> _EXERCISE DIRECTIONS_
Copy out again, unchanged, the line that contains "Christian Dior Mini" and every line after it down to the last line of the data.

Collection entries
☆ ☆ ☆ ☆ ☆
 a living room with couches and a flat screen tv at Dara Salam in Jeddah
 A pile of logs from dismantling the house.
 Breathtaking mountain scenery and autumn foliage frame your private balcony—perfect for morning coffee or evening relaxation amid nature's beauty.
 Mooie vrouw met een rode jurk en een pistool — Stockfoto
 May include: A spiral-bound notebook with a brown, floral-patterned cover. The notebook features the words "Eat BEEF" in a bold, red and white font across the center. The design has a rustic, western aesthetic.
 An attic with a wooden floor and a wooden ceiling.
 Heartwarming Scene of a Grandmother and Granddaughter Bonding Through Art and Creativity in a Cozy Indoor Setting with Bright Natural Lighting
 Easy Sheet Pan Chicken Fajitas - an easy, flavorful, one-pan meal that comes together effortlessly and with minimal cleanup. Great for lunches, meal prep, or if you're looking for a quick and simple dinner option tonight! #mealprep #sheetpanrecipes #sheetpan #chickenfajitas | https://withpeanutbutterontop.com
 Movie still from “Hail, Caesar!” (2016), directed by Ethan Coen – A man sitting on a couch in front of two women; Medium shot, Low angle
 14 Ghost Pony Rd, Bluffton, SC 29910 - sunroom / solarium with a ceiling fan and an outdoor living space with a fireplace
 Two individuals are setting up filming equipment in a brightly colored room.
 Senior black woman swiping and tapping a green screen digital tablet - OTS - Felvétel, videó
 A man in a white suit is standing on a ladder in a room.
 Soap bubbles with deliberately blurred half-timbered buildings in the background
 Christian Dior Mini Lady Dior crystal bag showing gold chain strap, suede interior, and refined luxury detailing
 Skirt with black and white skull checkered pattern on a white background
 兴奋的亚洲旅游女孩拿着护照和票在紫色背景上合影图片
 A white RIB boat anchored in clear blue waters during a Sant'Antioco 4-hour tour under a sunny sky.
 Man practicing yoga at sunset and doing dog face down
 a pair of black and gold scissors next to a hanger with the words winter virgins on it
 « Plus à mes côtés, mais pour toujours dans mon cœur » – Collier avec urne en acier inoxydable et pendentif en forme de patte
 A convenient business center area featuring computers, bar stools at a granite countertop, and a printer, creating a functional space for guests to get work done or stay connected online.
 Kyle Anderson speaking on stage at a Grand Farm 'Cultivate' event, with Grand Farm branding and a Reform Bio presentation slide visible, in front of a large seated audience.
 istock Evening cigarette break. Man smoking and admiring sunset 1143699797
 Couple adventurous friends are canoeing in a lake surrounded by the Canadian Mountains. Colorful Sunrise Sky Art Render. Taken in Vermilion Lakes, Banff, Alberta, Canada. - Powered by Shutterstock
☆ ☆ ☆ ☆ ☆
> _FINISHED EXERCISE_
 Christian Dior Mini Lady Dior crystal bag showing gold chain strap, suede interior, and refined luxury detailing
 Skirt with black and white skull checkered pattern on a white background
 兴奋的亚洲旅游女孩拿着护照和票在紫色背景上合影图片
 A white RIB boat anchored in clear blue waters during a Sant'Antioco 4-hour tour under a sunny sky.
 Man practicing yoga at sunset and doing dog face down
 a pair of black and gold scissors next to a hanger with the words winter virgins on it
 « Plus à mes côtés, mais pour toujours dans mon cœur » – Collier avec urne en acier inoxydable et pendentif en forme de patte
 A convenient business center area featuring computers, bar stools at a granite countertop, and a printer, creating a functional space for guests to get work done or stay connected online.
 Kyle Anderson speaking on stage at a Grand Farm 'Cultivate' event, with Grand Farm branding and a Reform Bio presentation slide visible, in front of a large seated audience.
 istock Evening cigarette break. Man smoking and admiring sunset 1143699797
 Couple adventurous friends are canoeing in a lake surrounded by the Canadian Mountains. Colorful Sunrise Sky Art Render. Taken in Vermilion Lakes, Banff, Alberta, Canada. - Powered by Shutterstock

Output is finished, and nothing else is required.